Dean Donoghue, Pāpāmoa Beach
Of course, we all giggle about Winston’s seemingly predictable re-emergence closer to election times, his confidence and his manicured charm. The lawyer in him conveys a well-articulated and well-researched message in such a way, that it is near impossible to argue with him. Being reasonably critical or cynical of his own heritage also makes him a believable orator, primarily because he tells it as it is. For example, recently he has been challenging Māori elite and confronting this “top echelon” for its abandonment of ordinary hard-working Māori, who never seem to get ahead, due to the massive remuneration gaps and assistance privileges between the “top” and the “bottom” layer in their hierarchical structures. Isn’t it a sad story when a minority party has to fight for the majority of a disadvantaged ethnic group!
Rene Blezer, Taupō
Speed bumps hinder
Your pages have reminded us in recent times that the cost of a speed bump ($300,000) could pay for at least three nurses, or three teachers, or three policemen/women. Imagine a reduction of 1000 speed bumps? Readers have also pointed out the irony of a Green/Left initiative increasing air pollution as vehicles slow down and then accelerate off at speed in a low gear, venting their frustration. Speed bumps hinder not only the average motorist but also the ambulance on its way to a heart attack victim, the fire engine on its way to a burning hostel, or the police vehicle speeding (yes, speeding!) to a mass shooting.

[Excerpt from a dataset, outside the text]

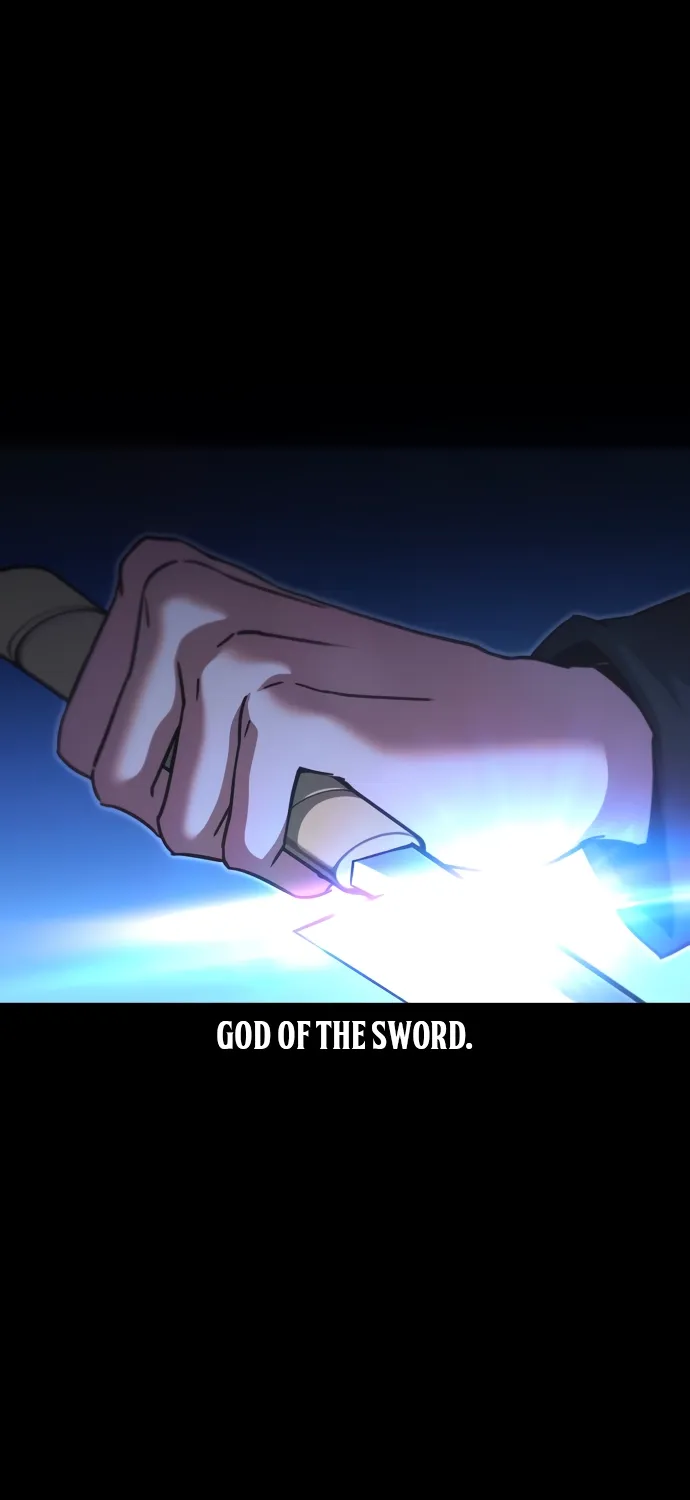 Read The Academy's Sashimi Sword Master EN Manga Online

Chris Parker, Campbells Bay
Fairer tax system
The recent leak regarding the removal of tax from “fresh food” has created the usual arguments about what’s in and what’s out. However, the answer to that is to ‘keep it simple stupid’. Remove GST from all food bought in supermarkets, grocery stores and dairies. Make milk a food and leave the GST on all other drinks as most are bad for us. Leave the GST on restaurants, cafes and takeaway bars. Exempt bakeries for plain bread products. Revenue lost would be balanced by a capital gains tax on all investment domestic and commercial properties. All businesses and farms could claim reductions in their liability by quantifying their efforts to make their property more climate and environmentally friendly. These two initiatives will roughly balance the tax take, create a fairer tax system, encourage greater savings and very significant health benefits through more food availability.
Niall Robertson, Balmoral
A rodent’s field day
We had delivered to our home this week — unannounced — Auckland Council’s green food scrap bins. Already on our street, people have placed them out, presumably full of vegetable waste, in the wrong week. Already some have been knocked over by animals and wind. Rodents and ants are having a field day. What a disaster of a policy by the cash-strapped Auckland Council. Goodness knows what this new collection policy will cost ratepayers who cannot even opt out of the $77.20 cost of collection. Bets on this will follow the same fate as this system did in the UK. It failed. Our bin has already been relegated to the garden shed!